**Problem requirements**. Please return exactly the lines from the top of the data through the line that contains "with Siri Voice", and skip all pictures.

- - -

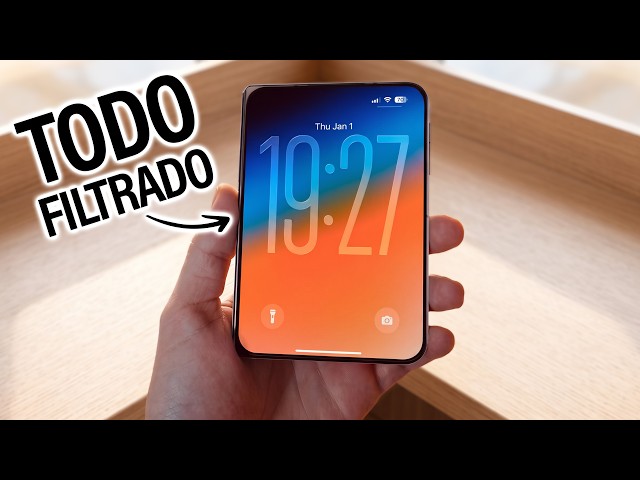 Se filtran TODOS LOS DETALLES del iPhone plegable antes de su lanzamiento | Appe iPhone Ultra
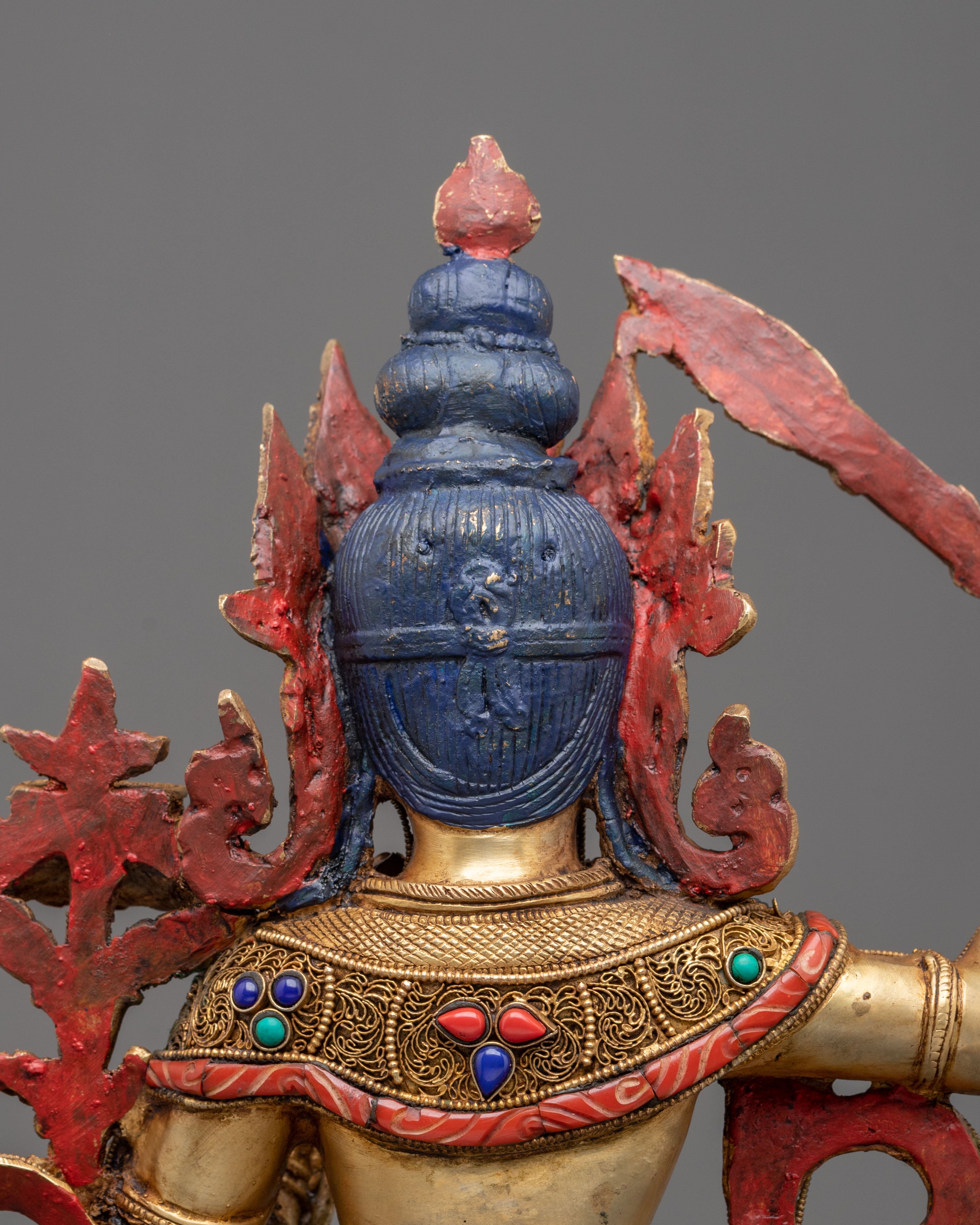 Manjushri Statue | Handcrafted Copper Figurine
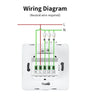 Smart Home  Homekit Smart WiFi Push Button Wall Switches 1/2/3Gang LED Room Lights for iphones Works with Siri Voice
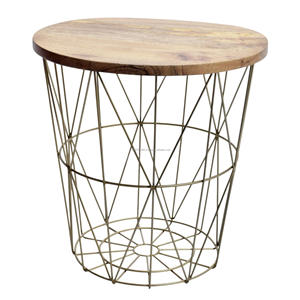 Ensemble de tables gigognes de style moderne pour le salon, meubles, tables basses en métal, tables d'appoint avec table d'organisation en fer - Product Image 1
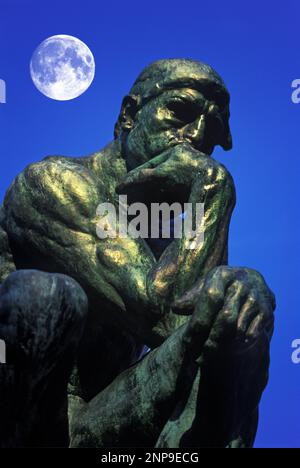 DENKER STATUE (© AUGUSTE RODIN 1909) RODIN-MUSEUM PARIS FRANKREICH Stockfoto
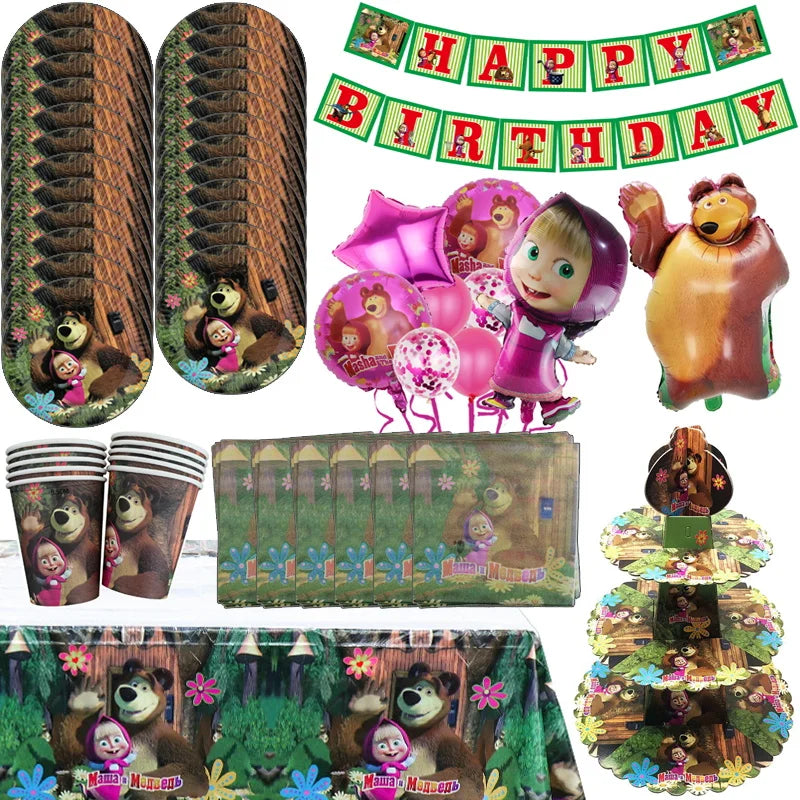 🔵 Disney Children's Cartoon Birthday Party Decorations - Cyprus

- - -

**Written response**.
 Se filtran TODOS LOS DETALLES del iPhone plegable antes de su lanzamiento | Appe iPhone Ultra
 Manjushri Statue | Handcrafted Copper Figurine
 Smart Home  Homekit Smart WiFi Push Button Wall Switches 1/2/3Gang LED Room Lights for iphones Works with Siri Voice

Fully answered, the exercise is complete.